- [Exercise description]:
For each record below, output its text exactly and skip any picture.

[Given records]

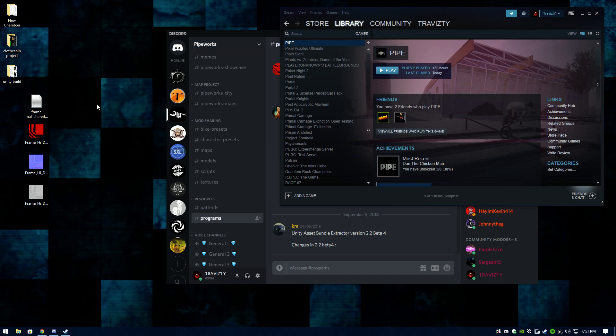Hey, what's up guys. I'm going to show you how I have my game set up so that I can switch between maps fairly easily and I don't have to reinstall every single time I want to change maps. This makes it a whole lot easier and way more convenient.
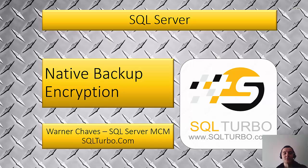Hello everybody, my name is Warner Chavez, SQL Server Certified Master with SQLTurbo.com and today we're going to talk about native backup encryption.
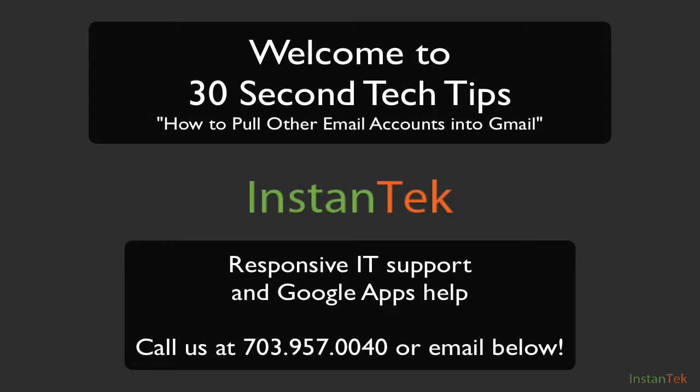Thank you so much for joining us today on another episode of 30-Second Tech Tips. My name is Robert Geller, and I work for InstanTek. We help small businesses in New York City and across the country with their IT support and Google Apps needs, migrations, training, support, and customization.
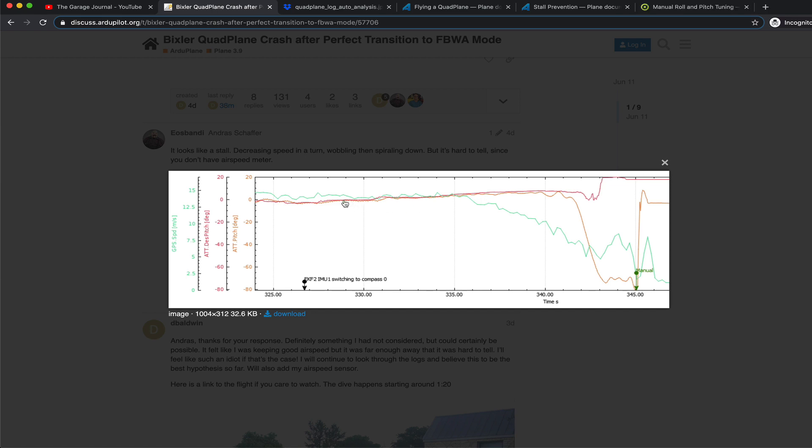whereas the desired pitch goes up. If you've done any research on the topic, you'll know that you can see here that the desired pitch and the actual pitch should track nicely with each other.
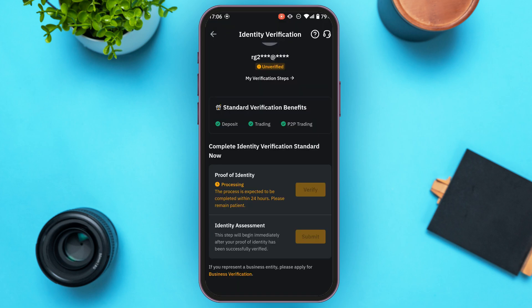After submitting your document photos and selfie, your identity verification will be processed. This process is expected to be completed within 24 hours, so exercise patience. Once your identity is verified, you'll receive a confirmation email from Bybit.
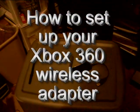Alright, hello everyone, this is Prodigy. Today I'm going to be showing you how to hook up your wireless adapter to your Xbox 360.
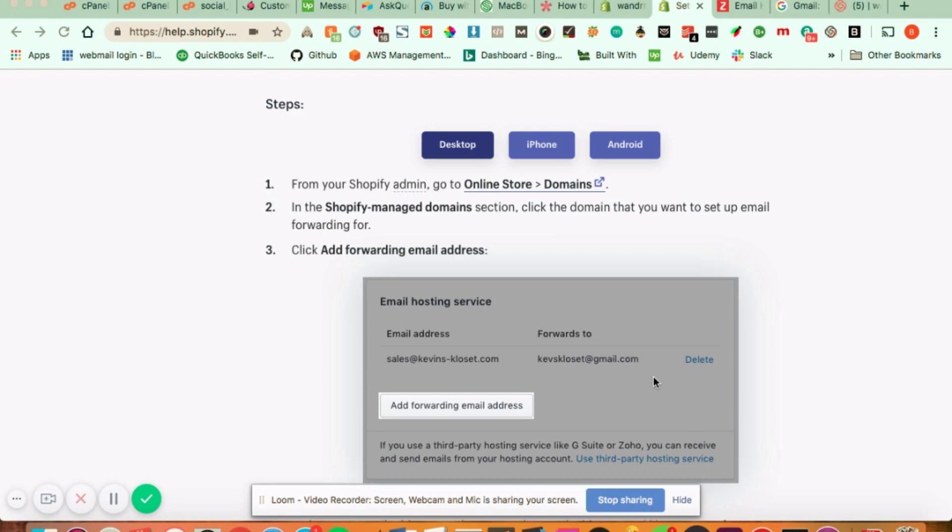So if you have bought your domain from Shopify or have had your domain transferred to Shopify, they allow you to add an unlimited amount of different types of emails that the customer can see.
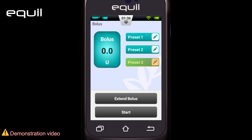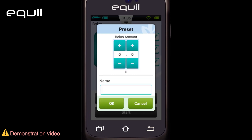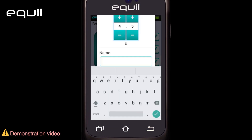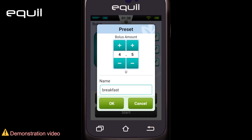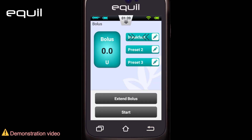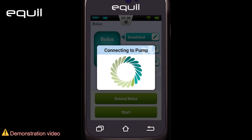The bolus screen contains three programmable preset bolus buttons. Press the edit icon to open the preset dialog box. Adjust the value using the plus and minus buttons. Make a name for it and click OK. Press the left area of the button and its predefined value will be displayed inside the bolus button box to the far left. A small arrow will appear that links the selected preset button to the bolus amount box. You'll get a green start button — continue as before.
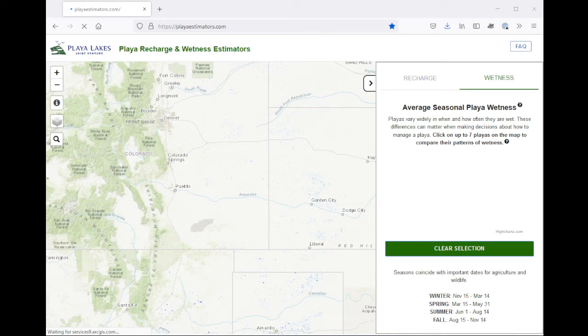Welcome to the Playa Recharge and Wetness Estimators website. This video will focus on the second half of the tool, which is the wetness tab.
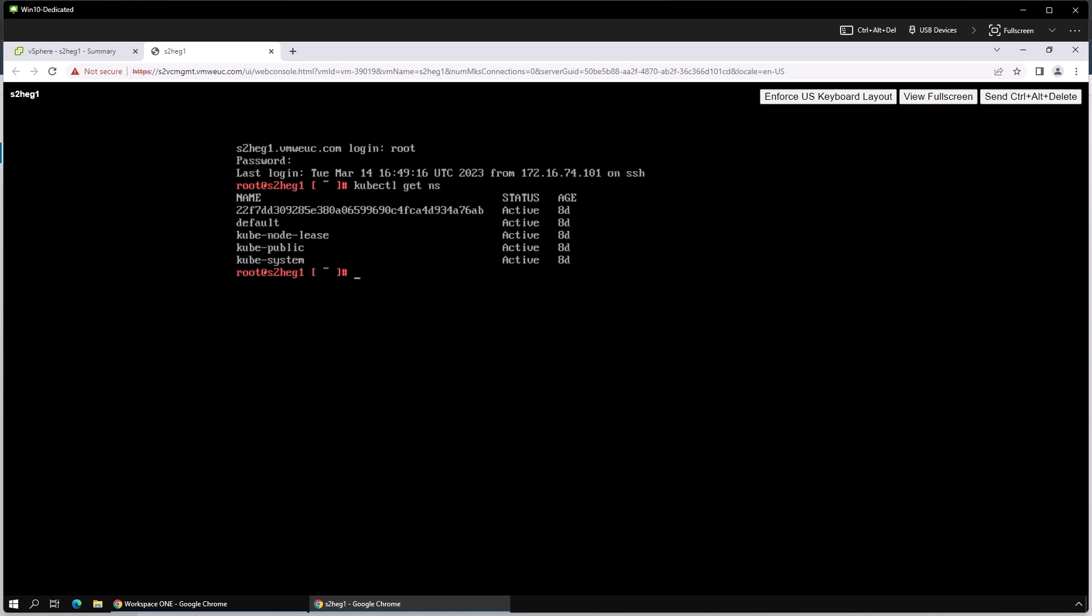Once you have a list of all the active clusters, you will see the Horizon Gateway appliance cluster identified with a very long identifier. Using that identifier, you can run kubectl again to get details on the pods running in that cluster.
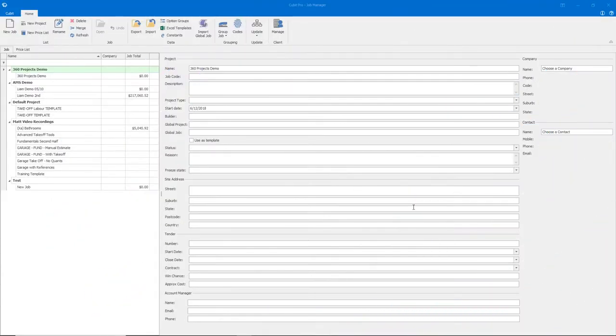Your Cubit floating license allows you to access the software on more than one machine. However, you may only use one instance of the software at a time.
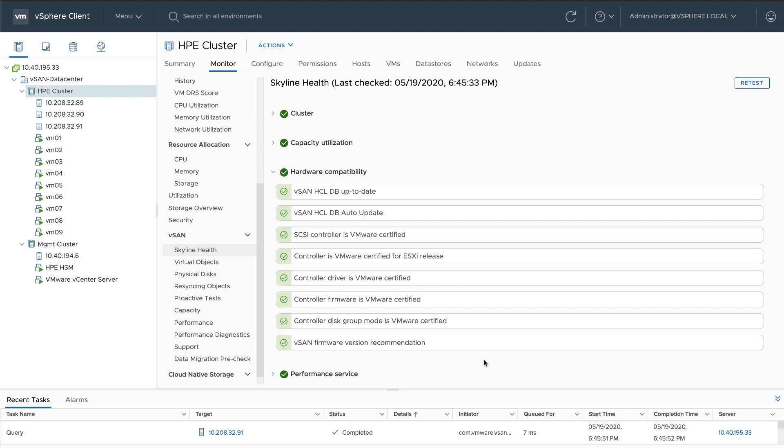With vSphere Lifecycle Manager, I not only have unified software, firmware, and driver management, but I'm also guaranteed that the hardware in my servers is compatible with the vSAN compatibility guide.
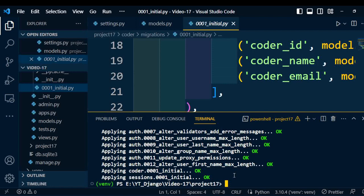Hope you understand how to create a model and how to inject the model into Django. In the next video, I am going to explain the model operations.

[/Given records]

- [Answer to the exercise]:
Hey, what's up guys. I'm going to show you how I have my game set up so that I can switch between maps fairly easily and I don't have to reinstall every single time I want to change maps. This makes it a whole lot easier and way more convenient.
Hello everybody, my name is Warner Chavez, SQL Server Certified Master with SQLTurbo.com and today we're going to talk about native backup encryption.
Thank you so much for joining us today on another episode of 30-Second Tech Tips. My name is Robert Geller, and I work for InstanTek. We help small businesses in New York City and across the country with their IT support and Google Apps needs, migrations, training, support, and customization.
whereas the desired pitch goes up. If you've done any research on the topic, you'll know that you can see here that the desired pitch and the actual pitch should track nicely with each other.
After submitting your document photos and selfie, your identity verification will be processed. This process is expected to be completed within 24 hours, so exercise patience. Once your identity is verified, you'll receive a confirmation email from Bybit.
Alright, hello everyone, this is Prodigy. Today I'm going to be showing you how to hook up your wireless adapter to your Xbox 360.
So if you have bought your domain from Shopify or have had your domain transferred to Shopify, they allow you to add an unlimited amount of different types of emails that the customer can see.
The bolus screen contains three programmable preset bolus buttons. Press the edit icon to open the preset dialog box. Adjust the value using the plus and minus buttons. Make a name for it and click OK. Press the left area of the button and its predefined value will be displayed inside the bolus button box to the far left. A small arrow will appear that links the selected preset button to the bolus amount box. You'll get a green start button — continue as before.
Welcome to the Playa Recharge and Wetness Estimators website. This video will focus on the second half of the tool, which is the wetness tab.
Once you have a list of all the active clusters, you will see the Horizon Gateway appliance cluster identified with a very long identifier. Using that identifier, you can run kubectl again to get details on the pods running in that cluster.
Your Cubit floating license allows you to access the software on more than one machine. However, you may only use one instance of the software at a time.
With vSphere Lifecycle Manager, I not only have unified software, firmware, and driver management, but I'm also guaranteed that the hardware in my servers is compatible with the vSAN compatibility guide.
Hope you understand how to create a model and how to inject the model into Django. In the next video, I am going to explain the model operations.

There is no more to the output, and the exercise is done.